Pendant que Washington se replie, Pékin institutionnalise l’alternative
Alors que les États-Unis renoncent peu à peu à leur rôle d’émetteur de la monnaie-monde, la Chine avance ses pions. Pas avec des slogans, mais avec des systèmes.
– CIPS s’étend : Le China Interbank Payment System — équivalent chinois du SWIFT — couvre désormais 87 pays, dont l’Iran, la Russie, le Venezuela, l’Arabie Saoudite et la Turquie. Selon la Banque populaire de Chine, le volume des transactions y a augmenté de 39 % au premier semestre, atteignant 2 100 milliards de dollars.
– Le e-CNY entre dans l’arène énergétique : En avril, l’agence Caixin a révélé que le yuan numérique est utilisé comme moyen de règlement dans les contrats énergétiques avec l’Iran et l’Indonésie. En mai, la CNPC chinoise et la NIOC iranienne ont signé un accord historique pour régler un contrat de 17 milliards de dollars exclusivement en e-CNY.
– Le yuan devient une monnaie de réserve : En juin, la banque centrale du Brésil a annoncé que 15 % de ses réserves sont désormais libellées en yuans, contre 63 % en dollars — une baisse de 12 points. L’Indonésie, l’Égypte et les Émirats arabes unis ont signalé vouloir suivre la même voie.
– Les BRICS s’organisent : En mai, lors du sommet « BRICS+ » à Shanghai, un mémorandum a été signé pour créer une plateforme commune de règlement basée sur le yuan. Selon le ministre indien des Finances Shaktikanta Das, « cette plateforme pourrait remplacer SWIFT dans les échanges Sud–Sud ».
Un basculement géoéconomique, sans tambour ni trompette
Il ne s’agit pas d’une guerre financière. Pas d’un grand soir monétaire. Ce que la Chine orchestre, c’est une sortie progressive du dollar des transactions où sa présence n’est plus jugée indispensable — notamment parmi les pays qui refusent d’aligner leur politique sur les sanctions américaines.
Selon le dernier rapport JP Morgan Emerging Markets Outlook (juin 2025), 21 % des paiements transfrontaliers dans le Sud global s’effectuent désormais sans dollar.
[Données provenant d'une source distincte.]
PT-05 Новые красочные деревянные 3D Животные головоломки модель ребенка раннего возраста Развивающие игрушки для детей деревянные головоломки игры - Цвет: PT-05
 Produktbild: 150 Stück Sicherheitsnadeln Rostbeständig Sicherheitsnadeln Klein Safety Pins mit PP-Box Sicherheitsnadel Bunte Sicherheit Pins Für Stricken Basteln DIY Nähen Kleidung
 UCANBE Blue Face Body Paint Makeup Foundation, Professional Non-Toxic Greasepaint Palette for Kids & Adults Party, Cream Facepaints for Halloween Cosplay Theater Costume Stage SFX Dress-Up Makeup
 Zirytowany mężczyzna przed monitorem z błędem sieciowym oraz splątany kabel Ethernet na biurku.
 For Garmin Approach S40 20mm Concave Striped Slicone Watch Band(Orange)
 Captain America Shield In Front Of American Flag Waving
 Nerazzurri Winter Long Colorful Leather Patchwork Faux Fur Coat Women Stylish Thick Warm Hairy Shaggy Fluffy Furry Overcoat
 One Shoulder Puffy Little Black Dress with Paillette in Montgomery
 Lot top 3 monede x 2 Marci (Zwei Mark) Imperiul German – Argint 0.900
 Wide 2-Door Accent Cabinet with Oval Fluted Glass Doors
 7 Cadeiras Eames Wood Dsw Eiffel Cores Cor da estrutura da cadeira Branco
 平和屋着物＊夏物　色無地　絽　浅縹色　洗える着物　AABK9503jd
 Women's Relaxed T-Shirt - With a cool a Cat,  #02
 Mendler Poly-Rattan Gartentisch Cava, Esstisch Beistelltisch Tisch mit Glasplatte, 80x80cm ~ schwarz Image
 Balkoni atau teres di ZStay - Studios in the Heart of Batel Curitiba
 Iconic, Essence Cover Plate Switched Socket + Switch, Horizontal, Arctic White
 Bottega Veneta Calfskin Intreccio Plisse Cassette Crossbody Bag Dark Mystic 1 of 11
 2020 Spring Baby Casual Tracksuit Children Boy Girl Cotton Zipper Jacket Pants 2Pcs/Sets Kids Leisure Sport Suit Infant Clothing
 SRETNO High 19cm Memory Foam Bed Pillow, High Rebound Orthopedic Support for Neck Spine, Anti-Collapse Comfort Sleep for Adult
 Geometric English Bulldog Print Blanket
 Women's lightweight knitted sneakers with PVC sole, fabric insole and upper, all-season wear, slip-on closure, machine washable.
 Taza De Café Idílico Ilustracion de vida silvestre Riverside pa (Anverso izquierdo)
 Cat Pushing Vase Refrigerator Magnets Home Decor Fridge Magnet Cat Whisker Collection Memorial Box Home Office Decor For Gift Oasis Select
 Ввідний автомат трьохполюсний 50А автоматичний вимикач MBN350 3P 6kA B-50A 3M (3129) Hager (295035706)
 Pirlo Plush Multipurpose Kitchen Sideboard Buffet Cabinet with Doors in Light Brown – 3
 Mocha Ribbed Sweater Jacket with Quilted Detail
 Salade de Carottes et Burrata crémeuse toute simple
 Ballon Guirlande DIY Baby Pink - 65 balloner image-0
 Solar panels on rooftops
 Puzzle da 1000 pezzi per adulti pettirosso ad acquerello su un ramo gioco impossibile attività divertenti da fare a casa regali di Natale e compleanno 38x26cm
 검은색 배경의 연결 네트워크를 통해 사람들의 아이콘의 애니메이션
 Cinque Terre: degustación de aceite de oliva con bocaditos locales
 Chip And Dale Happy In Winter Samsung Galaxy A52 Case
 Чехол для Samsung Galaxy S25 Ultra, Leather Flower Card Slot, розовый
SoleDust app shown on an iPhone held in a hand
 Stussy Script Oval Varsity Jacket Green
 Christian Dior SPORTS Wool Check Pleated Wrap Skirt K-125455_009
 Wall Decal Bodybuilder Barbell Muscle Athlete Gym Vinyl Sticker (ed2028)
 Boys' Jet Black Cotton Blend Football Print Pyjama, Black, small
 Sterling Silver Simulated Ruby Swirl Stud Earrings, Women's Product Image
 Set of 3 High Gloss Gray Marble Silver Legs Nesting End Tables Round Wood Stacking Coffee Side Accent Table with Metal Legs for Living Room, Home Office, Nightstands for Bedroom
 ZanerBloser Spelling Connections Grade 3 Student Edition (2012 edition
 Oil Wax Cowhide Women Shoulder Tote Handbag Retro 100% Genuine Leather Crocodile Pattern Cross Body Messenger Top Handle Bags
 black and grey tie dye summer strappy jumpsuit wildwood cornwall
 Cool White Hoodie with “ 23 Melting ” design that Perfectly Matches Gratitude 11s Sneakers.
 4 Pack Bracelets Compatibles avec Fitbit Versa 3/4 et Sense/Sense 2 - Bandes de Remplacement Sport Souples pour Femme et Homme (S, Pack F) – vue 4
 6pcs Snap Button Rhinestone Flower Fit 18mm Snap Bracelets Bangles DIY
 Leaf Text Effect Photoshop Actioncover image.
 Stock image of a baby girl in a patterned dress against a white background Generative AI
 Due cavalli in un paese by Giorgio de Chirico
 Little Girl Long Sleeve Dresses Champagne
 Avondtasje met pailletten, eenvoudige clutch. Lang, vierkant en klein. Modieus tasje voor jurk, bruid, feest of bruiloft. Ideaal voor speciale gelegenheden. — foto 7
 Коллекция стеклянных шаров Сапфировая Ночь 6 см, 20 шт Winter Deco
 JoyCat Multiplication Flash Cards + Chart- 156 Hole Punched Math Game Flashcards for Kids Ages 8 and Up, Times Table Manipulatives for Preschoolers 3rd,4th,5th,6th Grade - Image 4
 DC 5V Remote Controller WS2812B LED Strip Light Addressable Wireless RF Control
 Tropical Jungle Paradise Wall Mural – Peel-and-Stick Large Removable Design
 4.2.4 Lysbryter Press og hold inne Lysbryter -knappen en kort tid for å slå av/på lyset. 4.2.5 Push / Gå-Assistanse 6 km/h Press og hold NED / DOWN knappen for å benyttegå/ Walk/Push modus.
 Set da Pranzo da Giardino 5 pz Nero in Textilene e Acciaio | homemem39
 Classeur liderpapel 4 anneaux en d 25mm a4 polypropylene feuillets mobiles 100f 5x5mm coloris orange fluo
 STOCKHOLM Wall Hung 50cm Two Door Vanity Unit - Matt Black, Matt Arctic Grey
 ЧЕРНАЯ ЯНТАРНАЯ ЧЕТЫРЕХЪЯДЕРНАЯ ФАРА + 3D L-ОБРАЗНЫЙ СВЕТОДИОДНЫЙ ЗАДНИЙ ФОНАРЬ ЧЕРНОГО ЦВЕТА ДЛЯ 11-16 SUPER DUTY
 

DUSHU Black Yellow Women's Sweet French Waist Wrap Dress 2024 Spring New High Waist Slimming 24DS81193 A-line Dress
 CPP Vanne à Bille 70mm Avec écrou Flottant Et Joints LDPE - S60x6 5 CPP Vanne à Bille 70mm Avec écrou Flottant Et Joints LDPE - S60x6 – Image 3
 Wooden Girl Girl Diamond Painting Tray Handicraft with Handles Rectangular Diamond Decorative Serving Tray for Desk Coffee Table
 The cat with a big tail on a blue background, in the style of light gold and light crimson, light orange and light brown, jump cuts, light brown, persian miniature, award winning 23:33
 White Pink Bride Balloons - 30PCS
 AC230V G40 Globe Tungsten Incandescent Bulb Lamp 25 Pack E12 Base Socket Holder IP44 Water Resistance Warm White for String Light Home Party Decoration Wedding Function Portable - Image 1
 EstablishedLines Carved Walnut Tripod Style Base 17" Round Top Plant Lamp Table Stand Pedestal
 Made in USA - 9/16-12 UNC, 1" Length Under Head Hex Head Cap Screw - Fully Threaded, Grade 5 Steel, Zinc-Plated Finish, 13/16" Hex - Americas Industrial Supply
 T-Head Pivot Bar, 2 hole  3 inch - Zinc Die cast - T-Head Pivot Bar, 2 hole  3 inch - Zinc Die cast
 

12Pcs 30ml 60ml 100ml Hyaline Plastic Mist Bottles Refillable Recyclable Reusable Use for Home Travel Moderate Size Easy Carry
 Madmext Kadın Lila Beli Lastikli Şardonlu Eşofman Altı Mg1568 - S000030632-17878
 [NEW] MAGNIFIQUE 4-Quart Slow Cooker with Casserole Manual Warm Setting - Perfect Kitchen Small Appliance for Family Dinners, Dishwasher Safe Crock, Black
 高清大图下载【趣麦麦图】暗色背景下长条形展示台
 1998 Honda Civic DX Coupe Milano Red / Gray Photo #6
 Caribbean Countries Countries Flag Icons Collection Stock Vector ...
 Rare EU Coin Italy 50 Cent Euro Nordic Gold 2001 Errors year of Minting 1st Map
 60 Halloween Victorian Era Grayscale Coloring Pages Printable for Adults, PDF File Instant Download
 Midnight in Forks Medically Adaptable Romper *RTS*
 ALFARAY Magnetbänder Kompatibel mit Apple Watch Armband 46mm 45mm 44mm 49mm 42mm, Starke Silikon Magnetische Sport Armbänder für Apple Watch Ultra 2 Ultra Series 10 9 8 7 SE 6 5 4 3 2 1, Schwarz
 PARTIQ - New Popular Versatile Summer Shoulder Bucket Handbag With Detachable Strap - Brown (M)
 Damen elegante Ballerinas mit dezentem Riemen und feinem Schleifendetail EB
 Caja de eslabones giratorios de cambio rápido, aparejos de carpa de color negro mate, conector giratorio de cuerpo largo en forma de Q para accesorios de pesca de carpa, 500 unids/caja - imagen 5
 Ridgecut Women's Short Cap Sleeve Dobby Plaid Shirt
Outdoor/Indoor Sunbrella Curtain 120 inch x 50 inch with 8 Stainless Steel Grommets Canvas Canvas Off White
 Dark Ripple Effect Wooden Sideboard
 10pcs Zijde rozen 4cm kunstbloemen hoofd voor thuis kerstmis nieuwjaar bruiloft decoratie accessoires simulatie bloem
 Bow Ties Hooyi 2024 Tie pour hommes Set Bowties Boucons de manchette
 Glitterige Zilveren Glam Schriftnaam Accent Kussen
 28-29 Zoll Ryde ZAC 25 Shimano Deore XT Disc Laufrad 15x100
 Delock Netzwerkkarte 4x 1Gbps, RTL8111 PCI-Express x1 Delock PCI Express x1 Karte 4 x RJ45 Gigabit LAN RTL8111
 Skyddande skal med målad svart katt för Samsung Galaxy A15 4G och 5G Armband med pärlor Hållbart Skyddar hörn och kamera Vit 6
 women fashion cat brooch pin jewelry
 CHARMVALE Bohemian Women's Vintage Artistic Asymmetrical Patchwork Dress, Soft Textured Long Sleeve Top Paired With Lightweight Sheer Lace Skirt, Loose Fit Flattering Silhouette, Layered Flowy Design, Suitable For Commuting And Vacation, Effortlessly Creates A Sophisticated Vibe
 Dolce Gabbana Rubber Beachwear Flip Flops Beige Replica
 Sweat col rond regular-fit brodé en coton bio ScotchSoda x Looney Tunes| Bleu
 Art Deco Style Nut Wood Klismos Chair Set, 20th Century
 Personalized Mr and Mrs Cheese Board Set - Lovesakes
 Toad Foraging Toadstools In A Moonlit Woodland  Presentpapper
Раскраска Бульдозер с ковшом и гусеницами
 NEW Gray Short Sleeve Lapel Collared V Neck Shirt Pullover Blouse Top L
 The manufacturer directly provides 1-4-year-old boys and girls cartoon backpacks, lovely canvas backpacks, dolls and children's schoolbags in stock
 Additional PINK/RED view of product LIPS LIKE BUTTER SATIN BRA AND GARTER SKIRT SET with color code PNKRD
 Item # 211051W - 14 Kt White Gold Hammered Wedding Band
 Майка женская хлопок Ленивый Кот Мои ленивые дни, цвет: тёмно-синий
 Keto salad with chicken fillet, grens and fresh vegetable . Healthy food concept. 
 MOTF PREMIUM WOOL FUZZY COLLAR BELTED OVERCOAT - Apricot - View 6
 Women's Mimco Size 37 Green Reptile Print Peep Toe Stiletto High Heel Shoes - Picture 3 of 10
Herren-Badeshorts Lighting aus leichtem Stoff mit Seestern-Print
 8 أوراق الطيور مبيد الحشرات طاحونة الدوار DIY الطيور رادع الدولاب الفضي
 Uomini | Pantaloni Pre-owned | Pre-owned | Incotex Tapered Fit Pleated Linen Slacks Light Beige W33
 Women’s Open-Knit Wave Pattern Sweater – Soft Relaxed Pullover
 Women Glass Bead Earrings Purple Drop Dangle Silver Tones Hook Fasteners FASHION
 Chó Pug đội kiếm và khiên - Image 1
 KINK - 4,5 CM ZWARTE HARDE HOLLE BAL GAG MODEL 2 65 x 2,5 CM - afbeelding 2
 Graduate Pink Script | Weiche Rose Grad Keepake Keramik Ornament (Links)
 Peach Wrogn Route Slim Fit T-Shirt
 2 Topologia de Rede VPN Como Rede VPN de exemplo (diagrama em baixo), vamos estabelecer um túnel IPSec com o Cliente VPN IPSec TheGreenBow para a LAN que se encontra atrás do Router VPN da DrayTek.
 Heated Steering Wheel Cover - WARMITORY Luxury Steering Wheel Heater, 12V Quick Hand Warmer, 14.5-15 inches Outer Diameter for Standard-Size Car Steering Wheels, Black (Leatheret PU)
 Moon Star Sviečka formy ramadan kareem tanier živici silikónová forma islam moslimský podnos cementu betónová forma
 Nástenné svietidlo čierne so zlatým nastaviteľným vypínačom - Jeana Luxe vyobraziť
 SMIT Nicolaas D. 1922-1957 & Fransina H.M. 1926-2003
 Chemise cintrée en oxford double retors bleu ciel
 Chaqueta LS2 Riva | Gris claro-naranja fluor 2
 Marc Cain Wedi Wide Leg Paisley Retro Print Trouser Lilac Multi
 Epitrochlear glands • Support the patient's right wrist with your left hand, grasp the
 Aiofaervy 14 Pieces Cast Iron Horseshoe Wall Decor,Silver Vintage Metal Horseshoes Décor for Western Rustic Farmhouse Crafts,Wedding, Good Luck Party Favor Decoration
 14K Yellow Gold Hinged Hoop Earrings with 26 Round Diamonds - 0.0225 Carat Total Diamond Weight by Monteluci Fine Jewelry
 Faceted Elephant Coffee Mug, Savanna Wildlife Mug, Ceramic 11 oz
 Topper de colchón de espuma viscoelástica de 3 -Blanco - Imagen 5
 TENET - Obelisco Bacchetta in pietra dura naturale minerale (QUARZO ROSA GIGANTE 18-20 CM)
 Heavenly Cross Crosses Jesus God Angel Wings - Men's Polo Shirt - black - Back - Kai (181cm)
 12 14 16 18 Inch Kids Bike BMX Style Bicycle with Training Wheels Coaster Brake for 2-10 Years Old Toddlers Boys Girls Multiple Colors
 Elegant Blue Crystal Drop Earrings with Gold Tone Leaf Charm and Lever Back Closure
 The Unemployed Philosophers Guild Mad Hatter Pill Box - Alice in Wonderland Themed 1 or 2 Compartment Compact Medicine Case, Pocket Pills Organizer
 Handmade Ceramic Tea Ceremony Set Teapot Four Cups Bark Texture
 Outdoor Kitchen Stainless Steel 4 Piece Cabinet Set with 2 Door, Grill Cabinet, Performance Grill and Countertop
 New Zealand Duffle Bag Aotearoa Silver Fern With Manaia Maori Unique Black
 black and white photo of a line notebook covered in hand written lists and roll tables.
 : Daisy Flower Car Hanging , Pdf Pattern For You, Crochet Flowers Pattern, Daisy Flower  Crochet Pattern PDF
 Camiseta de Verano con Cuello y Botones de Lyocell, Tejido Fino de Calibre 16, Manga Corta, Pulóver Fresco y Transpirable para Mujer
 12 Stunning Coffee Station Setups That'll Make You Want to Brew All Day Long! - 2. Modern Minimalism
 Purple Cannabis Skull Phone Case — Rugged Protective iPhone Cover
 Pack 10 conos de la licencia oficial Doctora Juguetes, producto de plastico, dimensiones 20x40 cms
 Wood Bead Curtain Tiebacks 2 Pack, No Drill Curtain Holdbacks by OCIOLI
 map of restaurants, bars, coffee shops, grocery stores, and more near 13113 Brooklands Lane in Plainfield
Ils étaient 6 % en 2015. Le yuan, la roupie, le dirham, le rouble ou encore le naira nigérian s’affirment comme des monnaies d’échange régionales.
Avec la présidence Trump II, l’Amérique choisit de tourner le dos à son rôle de gardienne du système financier international. Le dollar, jadis pilier de la mondialisation, devient un instrument tactique. Pékin, lui, n’a plus qu’à occuper l’espace vacant. Et il s’y emploie — à pas comptés, mais avec une redoutable constance.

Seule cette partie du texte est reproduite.